• **DESCRIPTION OF THE TASK**:
Of the entries below, return exactly those lines that fall between the one containing "thumbnail image 4 of Castle" and the one containing "Tri-Color Cuff C.C Beanie", the two end lines included.
[Opening EXERCISE DATA section]
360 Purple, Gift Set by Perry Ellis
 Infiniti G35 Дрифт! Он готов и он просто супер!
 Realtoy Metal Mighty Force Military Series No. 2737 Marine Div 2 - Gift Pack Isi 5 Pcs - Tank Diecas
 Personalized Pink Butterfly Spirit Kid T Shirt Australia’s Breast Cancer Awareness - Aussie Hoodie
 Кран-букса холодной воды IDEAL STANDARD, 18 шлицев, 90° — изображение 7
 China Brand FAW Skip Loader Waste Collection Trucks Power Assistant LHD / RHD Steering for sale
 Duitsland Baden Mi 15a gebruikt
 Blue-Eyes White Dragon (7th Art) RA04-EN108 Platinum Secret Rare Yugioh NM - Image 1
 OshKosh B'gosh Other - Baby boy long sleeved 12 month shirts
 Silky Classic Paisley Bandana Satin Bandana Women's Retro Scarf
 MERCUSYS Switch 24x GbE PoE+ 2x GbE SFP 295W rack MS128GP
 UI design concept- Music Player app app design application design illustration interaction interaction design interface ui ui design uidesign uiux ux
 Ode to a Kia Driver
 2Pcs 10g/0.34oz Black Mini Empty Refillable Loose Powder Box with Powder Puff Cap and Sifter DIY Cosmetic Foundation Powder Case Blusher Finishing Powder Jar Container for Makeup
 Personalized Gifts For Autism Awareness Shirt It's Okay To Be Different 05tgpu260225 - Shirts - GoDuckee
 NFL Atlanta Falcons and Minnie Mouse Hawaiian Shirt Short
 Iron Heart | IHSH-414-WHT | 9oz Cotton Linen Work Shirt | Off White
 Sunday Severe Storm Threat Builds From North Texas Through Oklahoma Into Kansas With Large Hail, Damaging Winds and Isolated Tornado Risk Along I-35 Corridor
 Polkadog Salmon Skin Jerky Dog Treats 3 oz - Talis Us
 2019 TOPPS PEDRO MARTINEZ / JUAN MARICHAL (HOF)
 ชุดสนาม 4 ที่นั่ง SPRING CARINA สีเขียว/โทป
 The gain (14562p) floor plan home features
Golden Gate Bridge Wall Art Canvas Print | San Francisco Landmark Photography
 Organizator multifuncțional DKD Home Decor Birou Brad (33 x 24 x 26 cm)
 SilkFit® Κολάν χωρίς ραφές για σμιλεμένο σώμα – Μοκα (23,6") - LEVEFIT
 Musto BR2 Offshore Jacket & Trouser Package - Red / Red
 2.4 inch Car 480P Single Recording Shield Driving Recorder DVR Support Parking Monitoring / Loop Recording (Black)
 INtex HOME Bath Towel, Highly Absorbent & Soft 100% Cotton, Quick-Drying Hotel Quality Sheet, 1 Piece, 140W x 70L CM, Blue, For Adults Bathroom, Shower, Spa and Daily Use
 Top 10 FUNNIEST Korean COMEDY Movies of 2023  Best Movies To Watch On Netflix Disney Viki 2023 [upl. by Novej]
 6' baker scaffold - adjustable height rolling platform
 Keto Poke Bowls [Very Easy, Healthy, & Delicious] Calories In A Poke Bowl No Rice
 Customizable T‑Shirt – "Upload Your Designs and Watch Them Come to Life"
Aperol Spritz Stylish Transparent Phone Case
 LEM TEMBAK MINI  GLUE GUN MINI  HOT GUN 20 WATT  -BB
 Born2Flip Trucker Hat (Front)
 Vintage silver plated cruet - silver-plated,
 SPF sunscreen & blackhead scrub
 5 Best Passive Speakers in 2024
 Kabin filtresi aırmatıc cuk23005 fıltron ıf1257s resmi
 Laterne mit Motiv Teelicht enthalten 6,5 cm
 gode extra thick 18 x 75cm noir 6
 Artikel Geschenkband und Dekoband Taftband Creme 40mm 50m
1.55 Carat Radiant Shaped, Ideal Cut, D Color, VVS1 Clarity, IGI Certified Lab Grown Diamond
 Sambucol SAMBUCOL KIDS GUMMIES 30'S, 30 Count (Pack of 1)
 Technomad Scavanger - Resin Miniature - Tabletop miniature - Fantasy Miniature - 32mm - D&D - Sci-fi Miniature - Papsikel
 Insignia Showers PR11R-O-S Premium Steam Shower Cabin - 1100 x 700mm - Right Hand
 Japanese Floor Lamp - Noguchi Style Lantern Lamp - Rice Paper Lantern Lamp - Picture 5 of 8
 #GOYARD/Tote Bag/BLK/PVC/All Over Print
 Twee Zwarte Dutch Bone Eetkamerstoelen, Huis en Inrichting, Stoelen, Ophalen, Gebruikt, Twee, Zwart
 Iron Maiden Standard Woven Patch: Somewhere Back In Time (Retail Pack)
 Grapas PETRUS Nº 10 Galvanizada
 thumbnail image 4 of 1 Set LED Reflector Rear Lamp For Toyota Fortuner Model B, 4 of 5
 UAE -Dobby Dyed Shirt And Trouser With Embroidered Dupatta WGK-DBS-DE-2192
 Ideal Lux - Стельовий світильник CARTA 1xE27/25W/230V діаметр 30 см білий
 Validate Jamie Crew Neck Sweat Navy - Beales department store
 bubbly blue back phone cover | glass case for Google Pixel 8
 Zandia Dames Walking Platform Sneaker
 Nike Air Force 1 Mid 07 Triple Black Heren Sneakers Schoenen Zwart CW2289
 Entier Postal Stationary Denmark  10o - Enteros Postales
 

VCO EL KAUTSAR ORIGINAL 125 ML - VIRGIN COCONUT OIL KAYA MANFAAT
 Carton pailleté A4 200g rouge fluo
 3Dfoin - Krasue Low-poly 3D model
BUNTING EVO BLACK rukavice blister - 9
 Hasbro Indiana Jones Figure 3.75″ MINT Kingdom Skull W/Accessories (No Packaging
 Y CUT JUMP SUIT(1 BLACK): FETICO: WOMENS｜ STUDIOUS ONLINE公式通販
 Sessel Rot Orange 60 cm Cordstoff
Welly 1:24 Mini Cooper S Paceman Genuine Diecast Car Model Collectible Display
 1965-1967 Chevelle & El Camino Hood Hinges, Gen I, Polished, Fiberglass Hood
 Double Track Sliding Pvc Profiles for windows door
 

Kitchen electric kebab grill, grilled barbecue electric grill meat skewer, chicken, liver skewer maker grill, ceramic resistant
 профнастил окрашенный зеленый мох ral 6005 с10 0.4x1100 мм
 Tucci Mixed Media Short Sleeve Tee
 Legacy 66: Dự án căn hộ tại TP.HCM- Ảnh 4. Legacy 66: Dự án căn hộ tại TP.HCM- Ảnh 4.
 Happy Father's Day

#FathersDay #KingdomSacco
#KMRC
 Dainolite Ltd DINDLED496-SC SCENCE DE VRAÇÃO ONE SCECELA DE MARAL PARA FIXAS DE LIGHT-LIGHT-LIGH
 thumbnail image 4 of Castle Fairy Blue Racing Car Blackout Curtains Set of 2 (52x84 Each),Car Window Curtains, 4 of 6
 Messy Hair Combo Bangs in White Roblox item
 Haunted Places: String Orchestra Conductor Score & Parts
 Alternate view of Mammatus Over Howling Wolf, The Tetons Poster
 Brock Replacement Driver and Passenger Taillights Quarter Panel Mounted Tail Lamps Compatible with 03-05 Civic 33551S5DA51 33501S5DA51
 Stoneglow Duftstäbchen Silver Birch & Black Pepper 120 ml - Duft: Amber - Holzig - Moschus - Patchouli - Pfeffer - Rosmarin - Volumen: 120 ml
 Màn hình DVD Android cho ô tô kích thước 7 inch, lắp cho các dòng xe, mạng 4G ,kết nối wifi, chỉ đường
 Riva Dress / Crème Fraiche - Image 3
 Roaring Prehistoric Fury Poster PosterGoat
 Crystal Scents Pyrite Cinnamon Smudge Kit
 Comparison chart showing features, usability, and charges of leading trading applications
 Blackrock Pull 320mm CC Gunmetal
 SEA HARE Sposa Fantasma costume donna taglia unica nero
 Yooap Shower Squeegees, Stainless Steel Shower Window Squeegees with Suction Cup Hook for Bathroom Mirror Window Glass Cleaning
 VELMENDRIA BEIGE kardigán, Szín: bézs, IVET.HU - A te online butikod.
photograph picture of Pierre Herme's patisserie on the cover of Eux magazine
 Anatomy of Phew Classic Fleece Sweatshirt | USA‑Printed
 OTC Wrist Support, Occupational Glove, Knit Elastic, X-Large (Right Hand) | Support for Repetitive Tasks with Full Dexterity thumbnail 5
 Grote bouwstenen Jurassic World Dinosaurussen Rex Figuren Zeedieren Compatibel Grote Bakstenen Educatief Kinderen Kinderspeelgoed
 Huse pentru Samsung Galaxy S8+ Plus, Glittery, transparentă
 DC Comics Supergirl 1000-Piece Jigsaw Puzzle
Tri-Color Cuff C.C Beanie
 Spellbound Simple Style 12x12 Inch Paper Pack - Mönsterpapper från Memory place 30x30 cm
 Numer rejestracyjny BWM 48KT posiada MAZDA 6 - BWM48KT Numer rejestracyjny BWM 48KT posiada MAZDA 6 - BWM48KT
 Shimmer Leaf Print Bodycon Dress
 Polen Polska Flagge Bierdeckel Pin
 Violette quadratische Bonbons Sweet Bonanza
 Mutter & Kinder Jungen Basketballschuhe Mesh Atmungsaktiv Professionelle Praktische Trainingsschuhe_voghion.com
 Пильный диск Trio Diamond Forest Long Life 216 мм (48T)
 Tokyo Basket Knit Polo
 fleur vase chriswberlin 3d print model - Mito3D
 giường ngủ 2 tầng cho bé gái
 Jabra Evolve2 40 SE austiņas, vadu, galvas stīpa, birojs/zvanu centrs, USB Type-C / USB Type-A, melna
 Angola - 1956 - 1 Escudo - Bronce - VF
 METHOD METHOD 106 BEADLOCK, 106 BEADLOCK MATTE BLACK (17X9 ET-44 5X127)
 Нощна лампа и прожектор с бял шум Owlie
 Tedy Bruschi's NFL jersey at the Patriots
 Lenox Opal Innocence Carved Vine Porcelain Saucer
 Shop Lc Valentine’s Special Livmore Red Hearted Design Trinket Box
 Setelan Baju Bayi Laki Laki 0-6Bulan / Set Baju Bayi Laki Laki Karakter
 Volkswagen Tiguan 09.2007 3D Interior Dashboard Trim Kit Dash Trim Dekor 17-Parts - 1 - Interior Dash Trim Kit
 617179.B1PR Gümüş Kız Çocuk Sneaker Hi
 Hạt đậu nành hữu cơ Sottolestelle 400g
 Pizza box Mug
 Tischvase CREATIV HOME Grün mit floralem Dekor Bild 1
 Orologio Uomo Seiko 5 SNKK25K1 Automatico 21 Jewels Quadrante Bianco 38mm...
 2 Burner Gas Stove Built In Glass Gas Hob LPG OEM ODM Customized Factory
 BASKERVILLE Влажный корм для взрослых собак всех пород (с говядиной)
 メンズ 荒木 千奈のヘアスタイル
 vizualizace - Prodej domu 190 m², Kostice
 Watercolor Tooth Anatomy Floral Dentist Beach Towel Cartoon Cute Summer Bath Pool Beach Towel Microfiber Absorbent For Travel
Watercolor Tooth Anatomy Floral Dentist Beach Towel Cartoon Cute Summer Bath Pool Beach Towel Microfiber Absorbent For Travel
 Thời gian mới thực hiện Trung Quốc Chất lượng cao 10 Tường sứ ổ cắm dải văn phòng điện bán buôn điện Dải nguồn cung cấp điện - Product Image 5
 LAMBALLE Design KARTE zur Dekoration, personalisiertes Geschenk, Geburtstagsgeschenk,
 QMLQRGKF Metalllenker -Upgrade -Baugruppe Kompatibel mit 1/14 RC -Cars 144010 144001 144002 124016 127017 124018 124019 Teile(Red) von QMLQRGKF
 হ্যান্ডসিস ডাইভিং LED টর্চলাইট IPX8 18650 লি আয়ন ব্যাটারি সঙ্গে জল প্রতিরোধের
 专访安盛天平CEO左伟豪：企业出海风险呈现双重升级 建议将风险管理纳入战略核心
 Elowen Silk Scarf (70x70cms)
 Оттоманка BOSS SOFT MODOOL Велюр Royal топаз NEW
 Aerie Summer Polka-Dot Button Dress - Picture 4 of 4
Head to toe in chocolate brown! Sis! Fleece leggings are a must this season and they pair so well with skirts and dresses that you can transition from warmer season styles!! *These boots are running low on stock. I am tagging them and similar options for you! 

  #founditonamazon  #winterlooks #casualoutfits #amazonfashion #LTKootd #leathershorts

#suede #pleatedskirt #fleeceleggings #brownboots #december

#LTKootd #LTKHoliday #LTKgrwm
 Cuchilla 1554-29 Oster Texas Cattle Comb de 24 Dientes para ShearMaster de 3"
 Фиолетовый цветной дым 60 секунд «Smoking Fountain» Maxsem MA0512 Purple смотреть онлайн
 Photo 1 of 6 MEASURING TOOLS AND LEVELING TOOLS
[Closing EXERCISE DATA section]
• **SOLUTION TO THIS EXERCISE**:
 thumbnail image 4 of Castle Fairy Blue Racing Car Blackout Curtains Set of 2 (52x84 Each),Car Window Curtains, 4 of 6
 Messy Hair Combo Bangs in White Roblox item
 Haunted Places: String Orchestra Conductor Score & Parts
 Alternate view of Mammatus Over Howling Wolf, The Tetons Poster
 Brock Replacement Driver and Passenger Taillights Quarter Panel Mounted Tail Lamps Compatible with 03-05 Civic 33551S5DA51 33501S5DA51
 Stoneglow Duftstäbchen Silver Birch & Black Pepper 120 ml - Duft: Amber - Holzig - Moschus - Patchouli - Pfeffer - Rosmarin - Volumen: 120 ml
 Màn hình DVD Android cho ô tô kích thước 7 inch, lắp cho các dòng xe, mạng 4G ,kết nối wifi, chỉ đường
 Riva Dress / Crème Fraiche - Image 3
 Roaring Prehistoric Fury Poster PosterGoat
 Crystal Scents Pyrite Cinnamon Smudge Kit
 Comparison chart showing features, usability, and charges of leading trading applications
 Blackrock Pull 320mm CC Gunmetal
 SEA HARE Sposa Fantasma costume donna taglia unica nero
 Yooap Shower Squeegees, Stainless Steel Shower Window Squeegees with Suction Cup Hook for Bathroom Mirror Window Glass Cleaning
 VELMENDRIA BEIGE kardigán, Szín: bézs, IVET.HU - A te online butikod.
photograph picture of Pierre Herme's patisserie on the cover of Eux magazine
 Anatomy of Phew Classic Fleece Sweatshirt | USA‑Printed
 OTC Wrist Support, Occupational Glove, Knit Elastic, X-Large (Right Hand) | Support for Repetitive Tasks with Full Dexterity thumbnail 5
 Grote bouwstenen Jurassic World Dinosaurussen Rex Figuren Zeedieren Compatibel Grote Bakstenen Educatief Kinderen Kinderspeelgoed
 Huse pentru Samsung Galaxy S8+ Plus, Glittery, transparentă
 DC Comics Supergirl 1000-Piece Jigsaw Puzzle
Tri-Color Cuff C.C Beanie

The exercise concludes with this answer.